Q: I am looking to create a content startup and many investors ask how I am going to achieve milestones, like getting the 100th customer, 1,000 customer and 10,000th customer. How do you suggest doing this?

A: The first step is in understanding the needs of customers in the content business is to realize you have two completely different sets that you must appease.  Your readers are there to consume the content, so you build that audience with great content and great marketing.  Your advertisers (assuming that’s your monetization strategy) are there to buy your readers’ attention, so you have to find innovative ways to deliver that.  You need milestones for both. Investors have historically been willing to tolerate losses when they see audience growth on fire. But let’s deal with the trickier and, ultimately, more important business metrics.

The thing with investors is that, because you are the subject expert, they often let you define your own metrics of success. But keep in mind that because you set the goals, you had better exceed them or the investors will get in your grill on a very regular basis.
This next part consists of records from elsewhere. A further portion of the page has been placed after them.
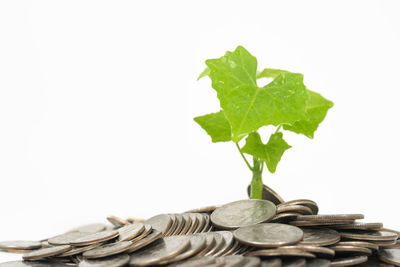 Close-up of coins on leaves against white background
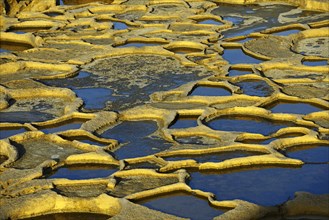 Gozo salt pans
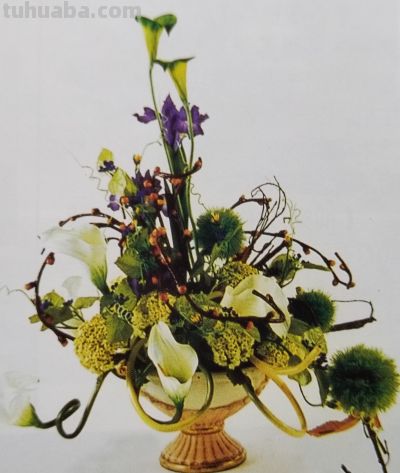 一束花治愈生活！藏在花朵里的浪漫文化，赠花数量寓意一文看懂 - 图画吧TUHUABA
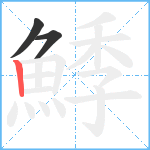 鯚笔顺分解图片3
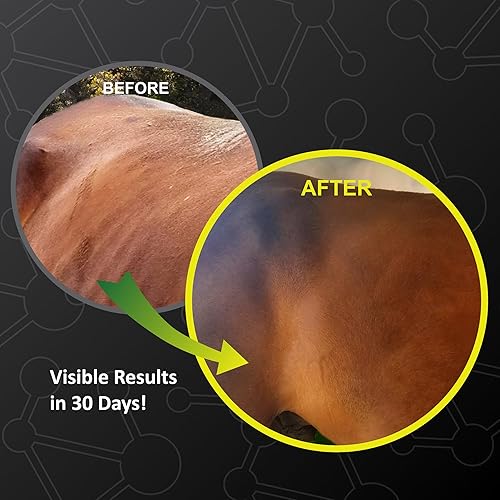 Miniatura 12 de SynNutra GastroMend (GastroMend - 600 dosis Bucket) 100% Natural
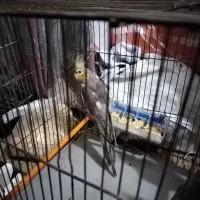 عروس هلندی جوجه|پرنده|اراک, |دیوار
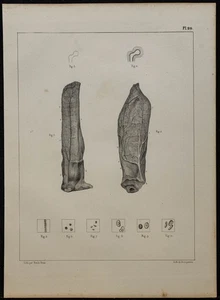 1839 - Placa De Anatomía - Oreja De Conejo Y Sangre - Litografía - Picture 1 of 3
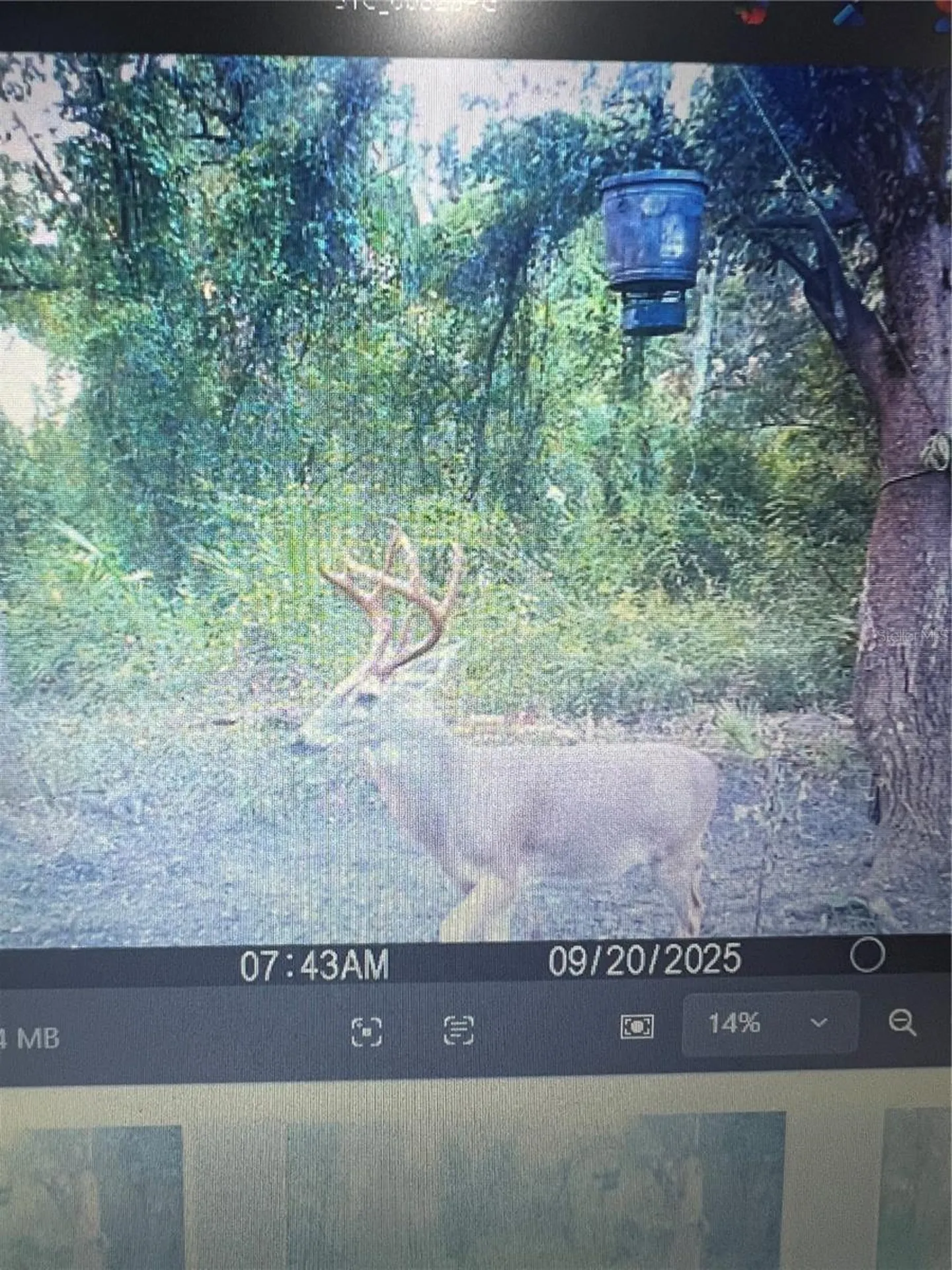Gillette Road Zolfo Springs FL 33890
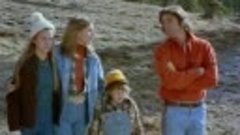 as novas aventuras da família robinson 1978 dublado em espan...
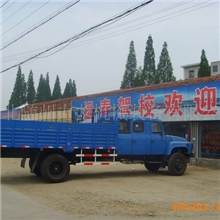 驾校用9米长头双排座教练车-厂价直销，低价优质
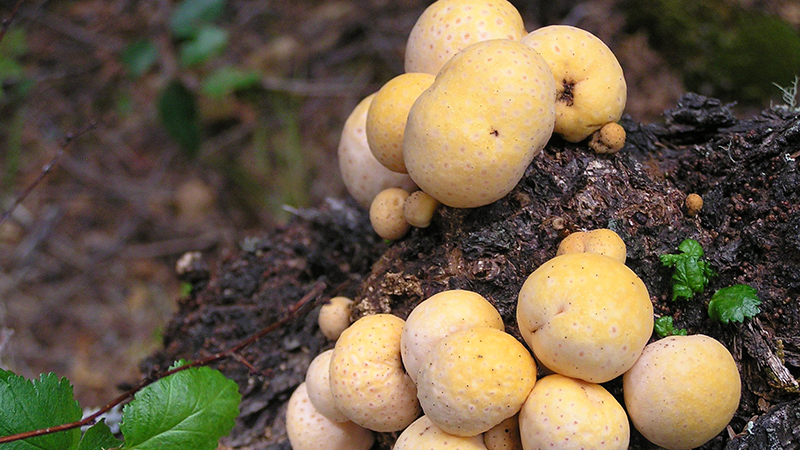 Patagonia Fungi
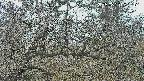 area3-20250320092121.jpg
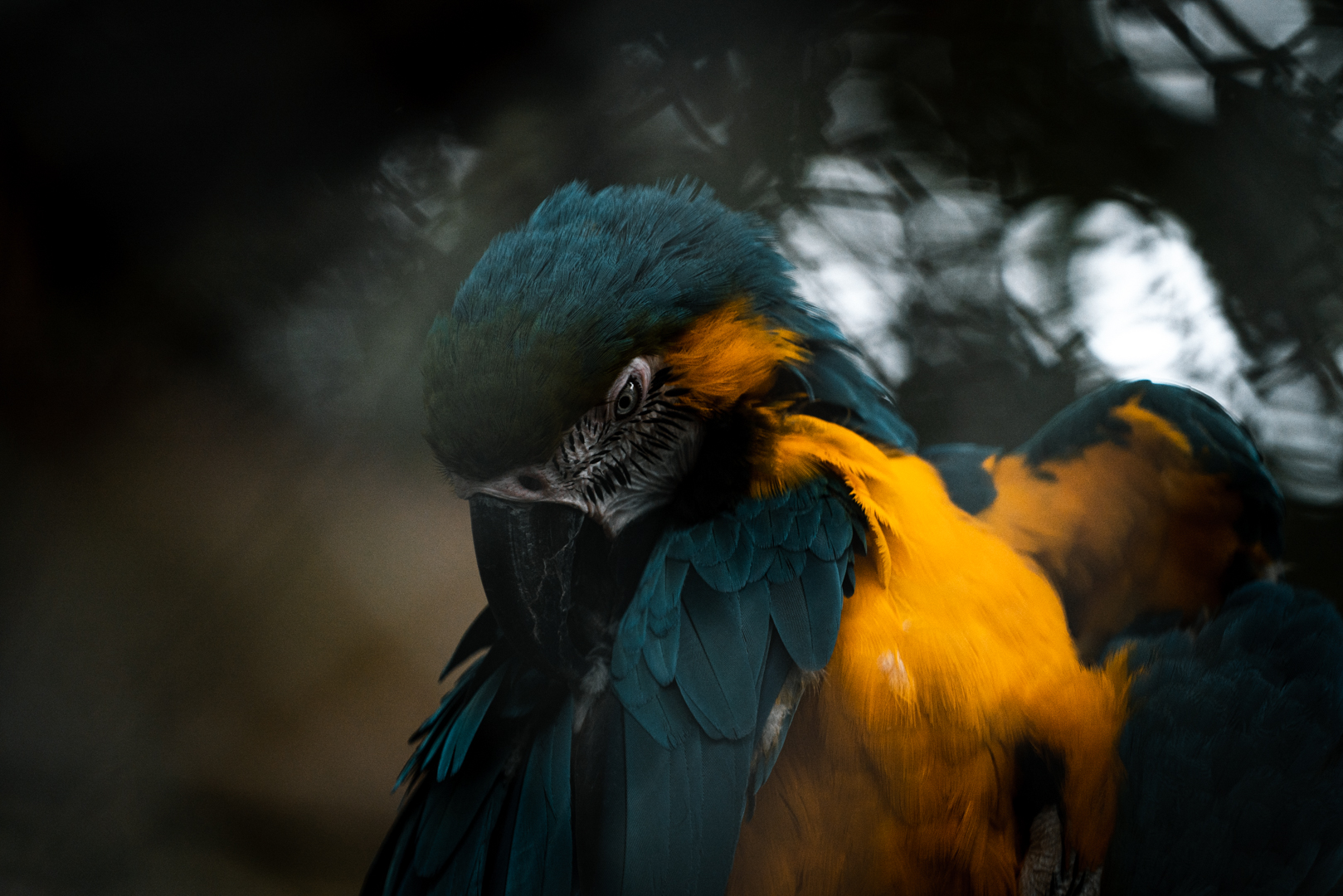 Blue and gold macaw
Related: 5 Ways to Minimize Risk for Investors

From an investor perspective, the ultimate metric of financial success is profit growth -- that is the one that will move the needle at the end of the day. Fortunately many early stage and growth-focused investors understand that real financial success requires them to invest in the growth machine and even then may require greater scale to actually get to profitability. This is a good thing if you are Twitter or Uber and can raise significant money from investors or the public market while hemorrhaging dollars. It’s a bit harder of a balancing act if you live in the "not-so-rocketship world" of many startups where the rules of fundraising gravity still apply.  That’s why you must define meaningful metrics that indicate the presence of future dollars.  For example, you can show that to have enough scale to attract advertisers, you need a million unique visitors monthly, which was proven by content company X, so by the end of year Y, I need to have that million. Now you have a metric that can be plotted on a simple chart.

In addition to growth and profitability, investors need to see scale. If your business -- financially or from a metrics perspective -- looks like your corner dry cleaner in terms of scale, you are going to be in a difficult spot. Media and technology investors invest with the hopes of funding the next Facebook, not small businesses with a steady stream of cash flow (banks are the traditional funders of businesses like this).  So you might be making money and clearing a profit with a million visitors, which is a great accomplishment but now you have to say, “Great, we showed this business can be profitable, now here are the metrics that will show it can scale.”

Related: 3 Reasons Entrepreneurs Fail to Secure Funding

As food for thought, think about tracking multiple different target metrics for your business such as: unique visitors, revenue growth, engineering processing capability, employee growth, numbers of customers, and other metrics relevant to a content business, like page views and engagement time.  But at the end of the day, a single metric that can guide your business is easier for your investors to understand and more importantly, easier for your team to rally around. Simplicity and focus is key, so if you can boil things down to single metric that encompasses the most important parts of your business, then that is a big win.